Posted June 09, 2017

 

Ms McGOWAN (Indi) (19:40): Tonight I rise to talk about the profound opportunity that exists for regional Australia. I will call on my community to keep on speaking up and encouraging others to do the same, and I will call on the government to take a strong leadership role to make the best of the opportunities regional Australia has. The national spotlight is firmly on Australia's regions, and quite rightly. There is nowhere more innovative, nowhere more agile, than in regional Australia, and the strength of our regions I believe lies in our connectedness. Our survival depends on building connections. People in rural Australia know that education, health and employment have to be addressed together. We believe in connections and we know it works.

For regional policy to have legitimacy, it needs to have the same approach—to make connections with the government, with issues and with the community it affects. We know that this approach works. It is an approach that has allowed me to represent my community as an Independent member since 2013. It has seen the establishment of the Alpine Valleys Dairy Pathways Project and a cross-border approach to vocational education and work force development. In Indi we ensure that the community plays an active role in developing their own solutions, and we call this 'The Indi Way'. The government has an opportunity, and I believe it has the goodwill, to lead for regional Australia. But to do so it must adopt a coordinated approach.

For too long the budget and specifically the regional budget statement have been seen as a way of understanding the government's plan for regional Australia. When I read these documents, all I see is a collection of individual investments across portfolios that tell me nothing about the government's overall strategy or vision for the region. I believe regional Australia deserves more. Last week Senator the Hon. Fiona Nash, Minister for Regional Development, unveiled 'Regions 2030: Unlocking opportunity in regional Australia'. It outlines the government's vision statement for regional Australia and its key initiatives but, for me, there is a missing link—how do these initiatives connect to support economic growth; how do they connect to bring better health and educational outcomes? I welcome the government's commitment to invest in working partnerships with communities and to support local decision making, but I want to build on this. The government knows that for regional Australia to reach its full potential it needs to build a lasting consensus across all levels of government, issues and communities, and it needs to invite experts and communities to have input. This should form the foundation of a regional policy for successive governments.
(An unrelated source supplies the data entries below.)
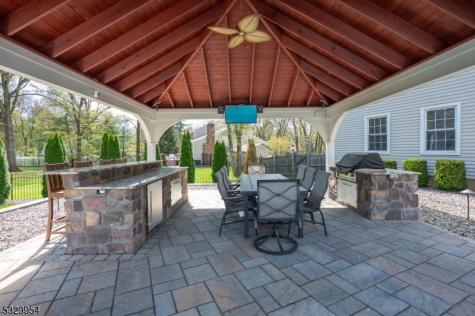 60 Kinnan Way Bernards NJ 07920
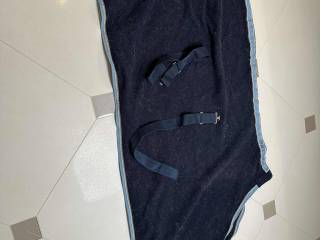 Derka polarowa Finn-Tack granatowa 135 cm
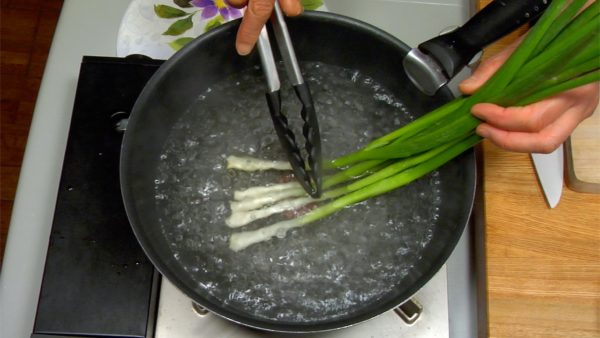 Immerse the white part in the boiling water for 30 seconds.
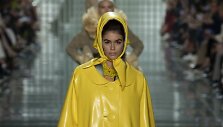 &bdquo;Marc Jacobs&ldquo; 2019 m. pavasario ir vasaros kolekcijos modelis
In the weeks following the budget I have been out and about asking the people of Indi what does the budget mean to them and what do they need and what is missing. The message has been so clear: they are talking about connection—connection between education and health and infrastructure. The government has acknowledged that a one-size-fits-all approach to regional development will not work, but it still has not told us how it will address these matters to actually recognise the challenges and opportunities for regional Australia. I have called on the government to establish an inquiry into regional development and decentralisation. An inquiry is about bringing skilled minds together to solve a problem, and the objective of this inquiry is to have a serious discussion about unlocking the potential for regional Australia. These terms of reference—which were tabled yesterday in a notice of motion—would look at decentralisation in the broader context. I believe there is another opportunity for the government, if it can ensure that the Regional Australia Ministerial Taskforce builds connections between initiatives and across portfolios to make the best of opportunities.

In conclusion, to my community I say: you get this. Hundreds have responded to my budget survey to tell the government to focus on health, education, infrastructure and environment. People in Indi have a voice, and, as your representative, I will ensure that government hears it. Go to the website, fill in the survey and encourage others to do the same. To my colleagues in this House, I say: you get it. You understand, as local representatives, that your community have strong views about connectivity. And to the government I say: you are the final piece of this puzzle. I know you want to get it and you want to listen, but to do so you really need to build connectivity across portfolios, issues and communities. (Time expired)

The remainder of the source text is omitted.